Just this week, our sweet second-grader found out that one of his good friends, a classmate, is moving about 11 hours away. I knew a few days before he found out, but I wanted him to hear it first from his friend. He told his dad and I that he knew about this upcoming move, the other night before bedtime. He said it quietly, and didn’t volunteer any more information. I gently asked him, as neutrally as possible, if he felt excited for his friend’s move or sad that she (yes, she) would be gone, or perhaps a little of both. “A little of both, I guess…” he said in the same quiet, reserved tone. Having heard for the whole school year how much he has enjoyed her conversation and her companionship on the playground, at lunch, in class, I knew it had to have some sizable effect on him. I looked at him, laying in his bed, and I know he probably doesn’t think I noticed, but I saw his eyes get misty.
As a mother, it’s always hard to see one’s children sad or disappointed. There was a moment, then, that I knew I had to seize–to let him know that it was all right and normal to feel sad that his friend was moving, but also to remind him that if that friendship is good, true, and begun by God, then there’s no reason to think that they will stop being friends! He looked up at me when I said these things and a bright smile took over his face. He got excited about the idea of being pen pals after the move takes place.

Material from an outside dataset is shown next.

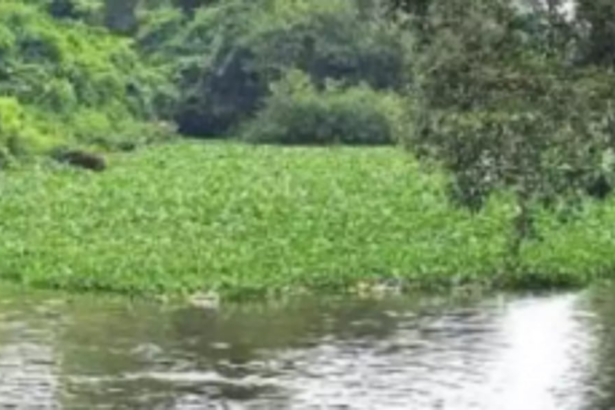 WRD Min, Aldona MLA inspect water bodies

We can’t keep our children sheltered from challenges, disappointments, or sadness. We shouldn’t try to, either. In those few minutes before we tucked him in that night, we saw the beauty of friendship summed up in both his sadness and also his hope from the idea of staying in touch. True, they won’t get to run around together on the playground next school year, or sit at the same lunch table, but as long as they both are willing, there are seemingly countless ways they can still share laughs and news. Yes, they are little kids. And yes, one or both of them might start thinking the opposite sex is too “weird” to be good buddies anymore. For now, though, I feel nothing but gratitude and gladness that God has given our son such a sweet friend, one whose absence meant enough to him to get him teary-eyed. May we all be so blessed to have friendships that are good and true, whether near or far.